Factors that affect the detoxification are age, individual variation (polymorphism), enterohepatic circulation, nutrition, intestinal flora, gender and drugs that person may be taking. Other sites of chemical metabolism/excretion include the gastrointestinal tract, lungs (volatile compounds), kidneys (water soluble molecules), and the skin (both lipid and water soluble chemicals). These sites at times could have localized toxicity reactions. The detoxification systems are complex. They are divided into three interacting parts or phases each of which can engage with itself or any of the other two to work in harmony defending our body from being acutely or slowly poisoned to death. At times it is overwhelmed and we rapidly or slowly die.

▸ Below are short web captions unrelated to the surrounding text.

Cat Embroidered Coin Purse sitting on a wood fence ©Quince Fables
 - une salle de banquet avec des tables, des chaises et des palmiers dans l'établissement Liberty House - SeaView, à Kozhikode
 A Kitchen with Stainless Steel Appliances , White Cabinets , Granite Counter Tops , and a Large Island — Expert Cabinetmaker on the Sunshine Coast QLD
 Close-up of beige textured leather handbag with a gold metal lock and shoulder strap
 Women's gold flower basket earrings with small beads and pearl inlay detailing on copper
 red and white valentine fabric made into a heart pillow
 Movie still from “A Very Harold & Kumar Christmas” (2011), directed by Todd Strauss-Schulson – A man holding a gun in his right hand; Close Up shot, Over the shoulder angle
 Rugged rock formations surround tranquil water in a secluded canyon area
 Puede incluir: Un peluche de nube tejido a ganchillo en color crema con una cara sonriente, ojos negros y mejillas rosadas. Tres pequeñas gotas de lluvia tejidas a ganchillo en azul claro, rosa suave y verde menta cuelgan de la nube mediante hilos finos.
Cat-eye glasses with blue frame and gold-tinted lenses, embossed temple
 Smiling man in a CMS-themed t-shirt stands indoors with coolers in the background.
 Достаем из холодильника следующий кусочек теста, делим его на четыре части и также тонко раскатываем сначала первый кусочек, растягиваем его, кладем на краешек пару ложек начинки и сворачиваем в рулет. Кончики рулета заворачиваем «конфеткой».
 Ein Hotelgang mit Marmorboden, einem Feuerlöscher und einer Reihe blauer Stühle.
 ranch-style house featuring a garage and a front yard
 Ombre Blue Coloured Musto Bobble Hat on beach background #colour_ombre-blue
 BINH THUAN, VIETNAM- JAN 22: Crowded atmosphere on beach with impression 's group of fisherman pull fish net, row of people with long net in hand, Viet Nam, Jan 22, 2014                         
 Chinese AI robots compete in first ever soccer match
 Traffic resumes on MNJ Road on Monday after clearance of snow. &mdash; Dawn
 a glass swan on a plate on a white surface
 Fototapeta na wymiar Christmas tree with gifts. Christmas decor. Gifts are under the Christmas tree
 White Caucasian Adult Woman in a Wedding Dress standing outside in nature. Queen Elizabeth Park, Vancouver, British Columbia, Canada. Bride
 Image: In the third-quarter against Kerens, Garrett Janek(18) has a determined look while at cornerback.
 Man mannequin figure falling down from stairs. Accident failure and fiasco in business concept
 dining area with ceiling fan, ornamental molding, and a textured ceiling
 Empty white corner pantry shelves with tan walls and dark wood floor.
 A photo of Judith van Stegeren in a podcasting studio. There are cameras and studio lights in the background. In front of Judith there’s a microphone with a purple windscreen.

The three parts are termed Phases (I, II, and III) of Detoxication. Variation of activities of these can mean the difference between disease (drug adversity, cancer, arthritis, cardiovascular etc.) and health. To add to the complexity, the Phase System is orchestrated by our genetically endowed CYP 450 enzymes that steer or tune them (for better or for worse). The initial P450-mediated oxidation/Phase I metabolism if possible makes the ingested chemicals water soluble to later be eliminated by the kidney. The subsequent joining of the molecule with a lipid- conjugation is "Phase II" and is eliminated through the bile and eventually into our fecal stream. The newly discovered Phase III gets rid of the offending chemical by importing into a cell then exporting out into a storage or excretion system.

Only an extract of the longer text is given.